* DATA FOR REVIEW:
● ● ● ● ●

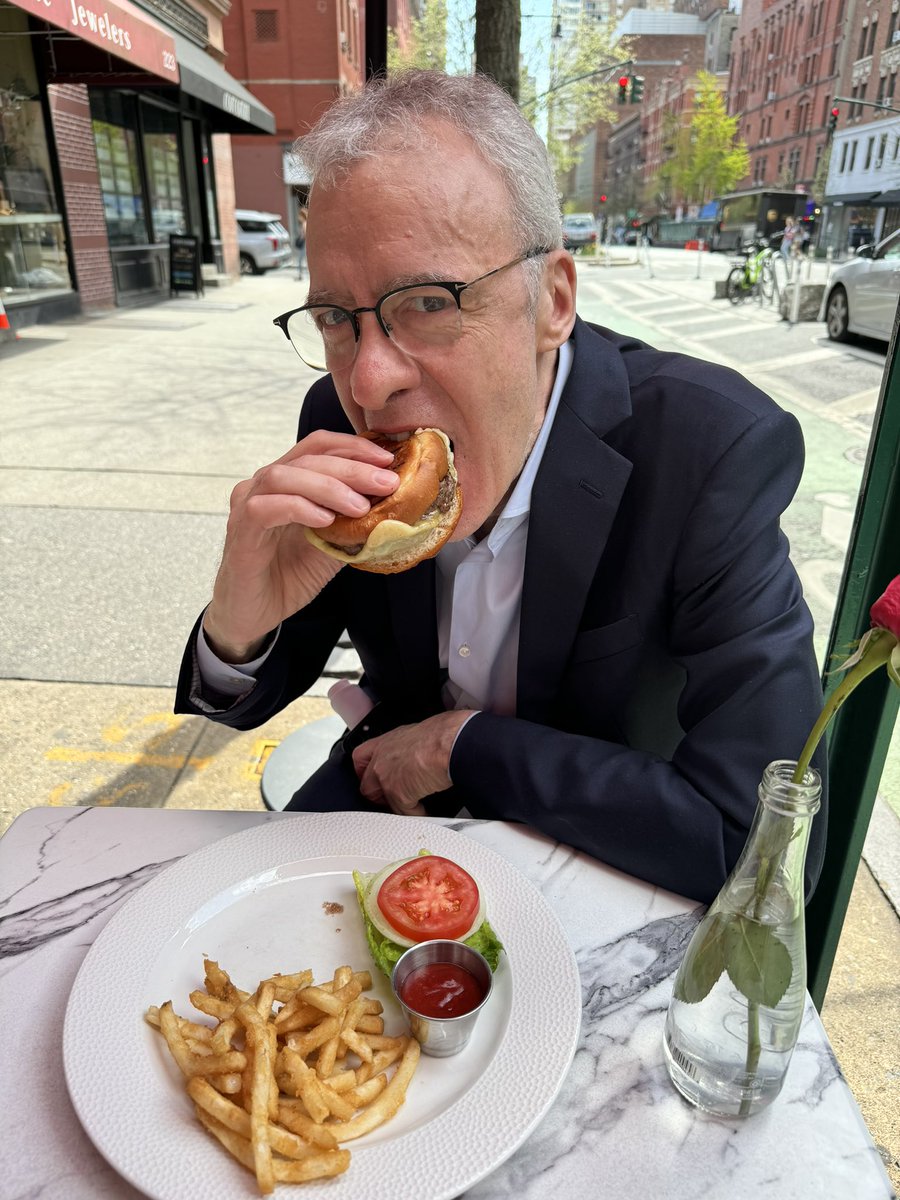 Manny would like to demonstrate the proper way of eating a melty gruyere burger. Open mouth wide. Take a big bite. Chew. Repeat. Now that you know the drill, come on by! 🍔☀️
#mannysbistro #mannysbistrony #burger #mannyslife #cheeseburger #nomnom #upperwestside #uws #newyork #NYC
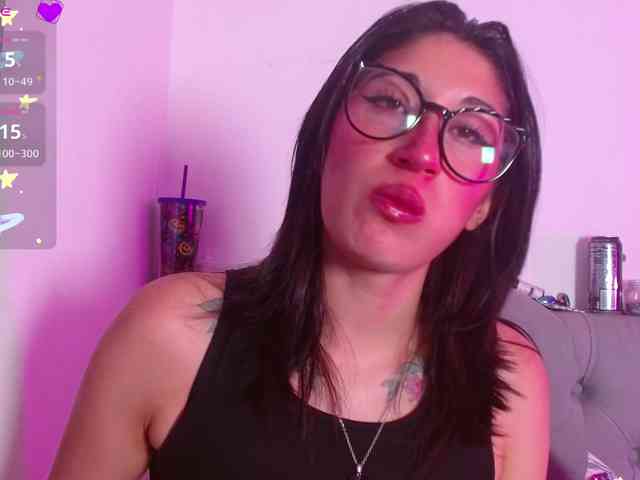 Red-moonn webcam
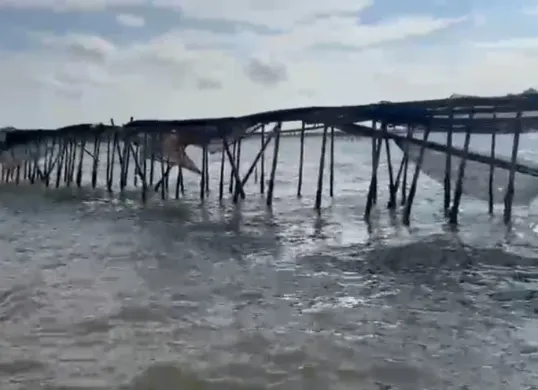 Pagar laut sepanjang 30,16 kilometer di Kabupaten Tangerang, Banten. (Sumber: Tangkapan Layar video)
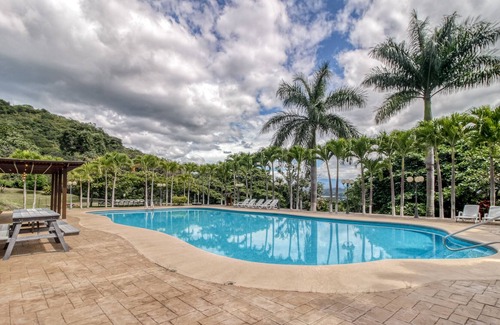 Santa Eulalia House | Beautiful ground-level house with furnished terrace, gardens, and shared pool!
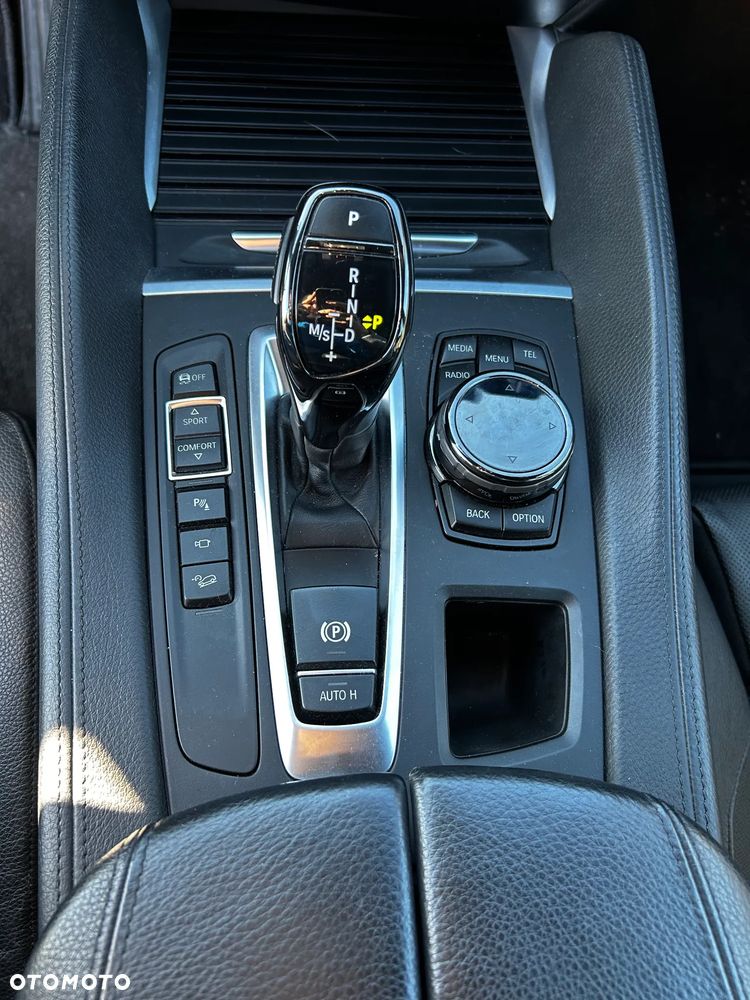 BMW X6 xDrive40d - 12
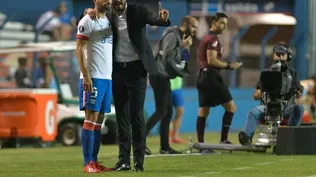 Con tres volantes el equipo de Munúa mejoró y encontró el gol del triunfo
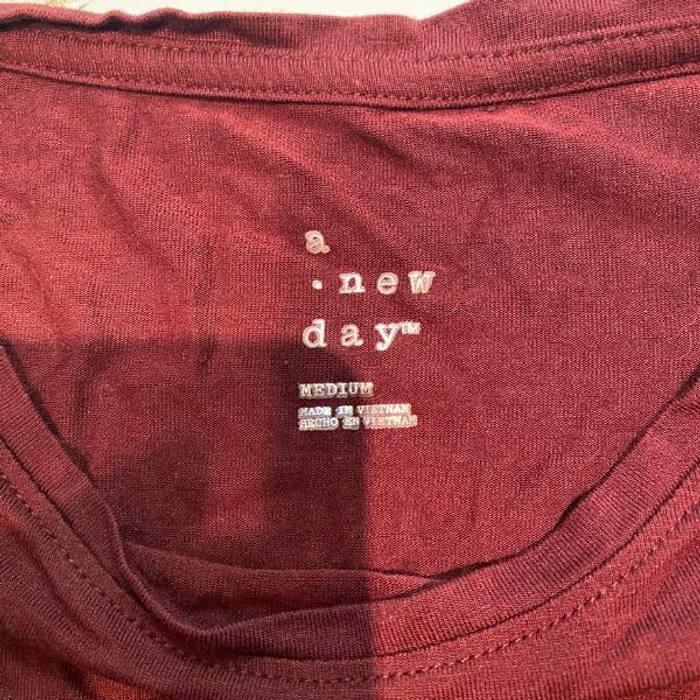 A New Day Women's Medium Maroon Sleeveless Tank Top High Neck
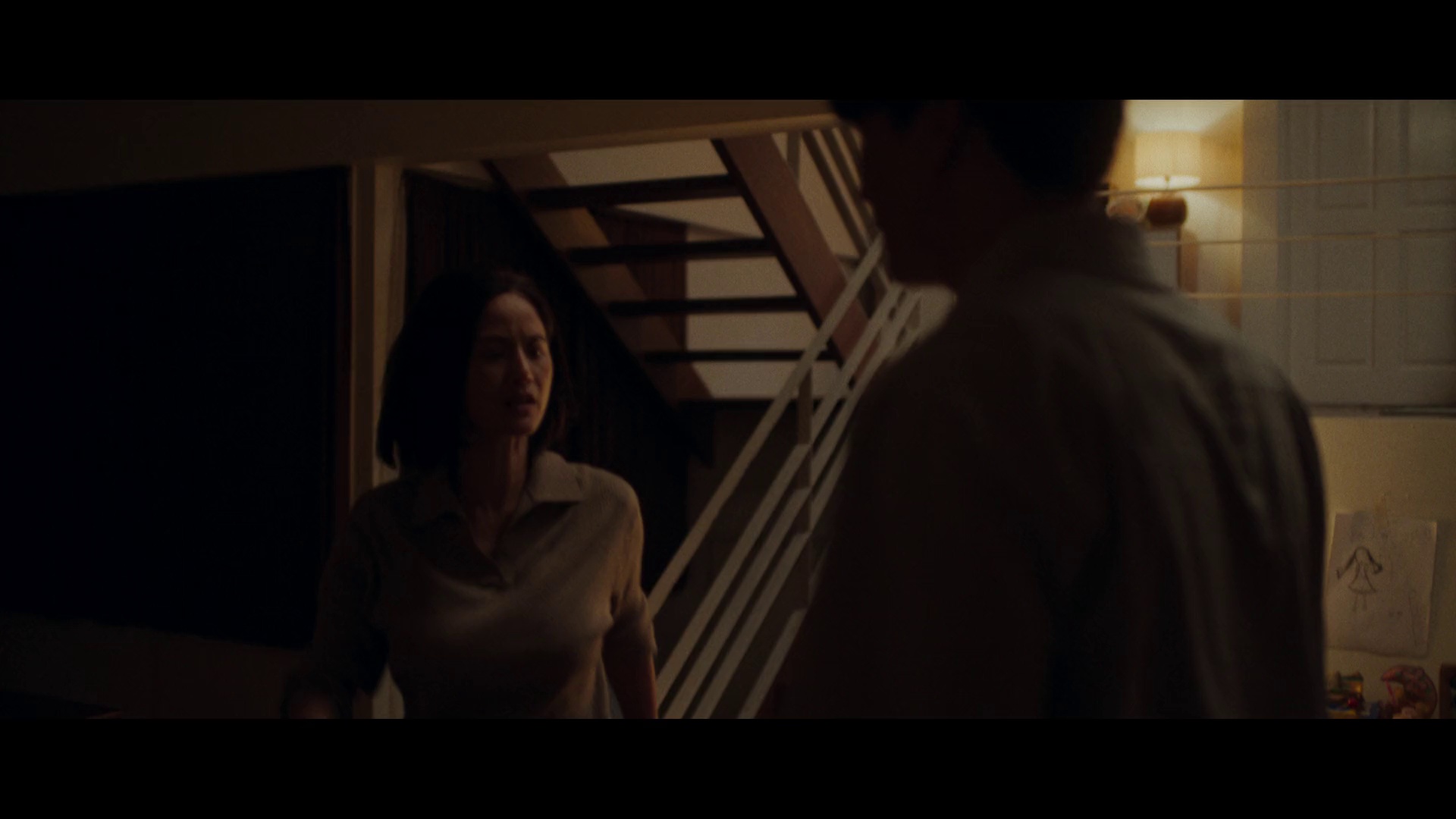 死后人人爱 [简繁英字幕].Everybody.Loves.Me.When.Im.Dead.2025.1080p.NF.WEB-DL.DDP5.1.Atmos.H264-PandaQT 6.05GB-6.png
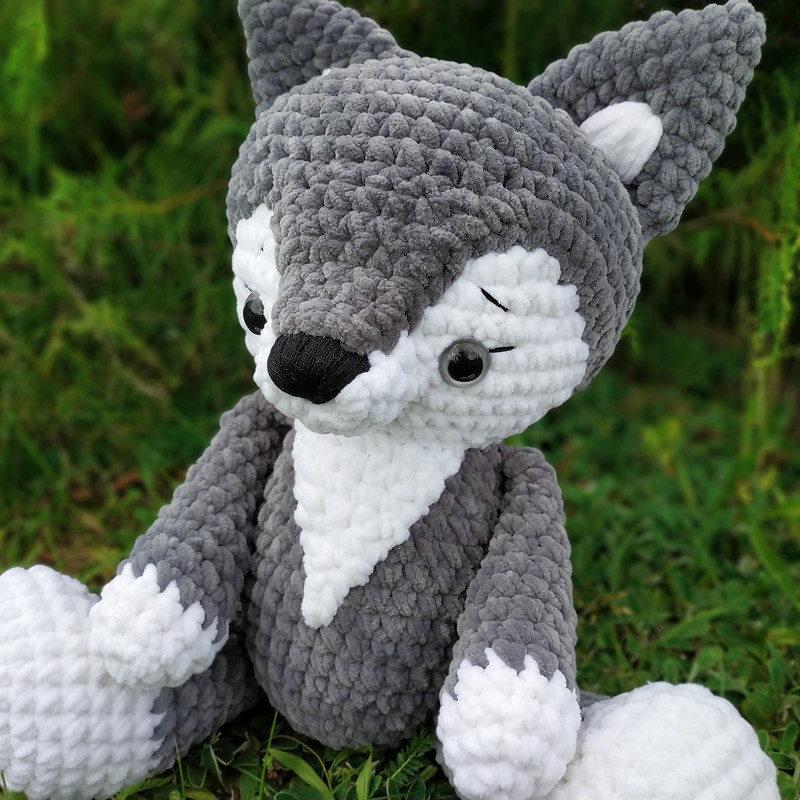 wolf-crochet-amigurumi-pattern (19).jpg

● ● ● ● ●

* ABOUT THIS EXERCISE:
Except for the pictures, set down all of the records exactly as they are.

* WRITTEN ANSWER:
 Manny would like to demonstrate the proper way of eating a melty gruyere burger. Open mouth wide. Take a big bite. Chew. Repeat. Now that you know the drill, come on by! 🍔☀️
#mannysbistro #mannysbistrony #burger #mannyslife #cheeseburger #nomnom #upperwestside #uws #newyork #NYC
 Red-moonn webcam
 Pagar laut sepanjang 30,16 kilometer di Kabupaten Tangerang, Banten. (Sumber: Tangkapan Layar video)
 Santa Eulalia House | Beautiful ground-level house with furnished terrace, gardens, and shared pool!
 BMW X6 xDrive40d - 12
 Con tres volantes el equipo de Munúa mejoró y encontró el gol del triunfo
 A New Day Women's Medium Maroon Sleeveless Tank Top High Neck
 死后人人爱 [简繁英字幕].Everybody.Loves.Me.When.Im.Dead.2025.1080p.NF.WEB-DL.DDP5.1.Atmos.H264-PandaQT 6.05GB-6.png
 wolf-crochet-amigurumi-pattern (19).jpg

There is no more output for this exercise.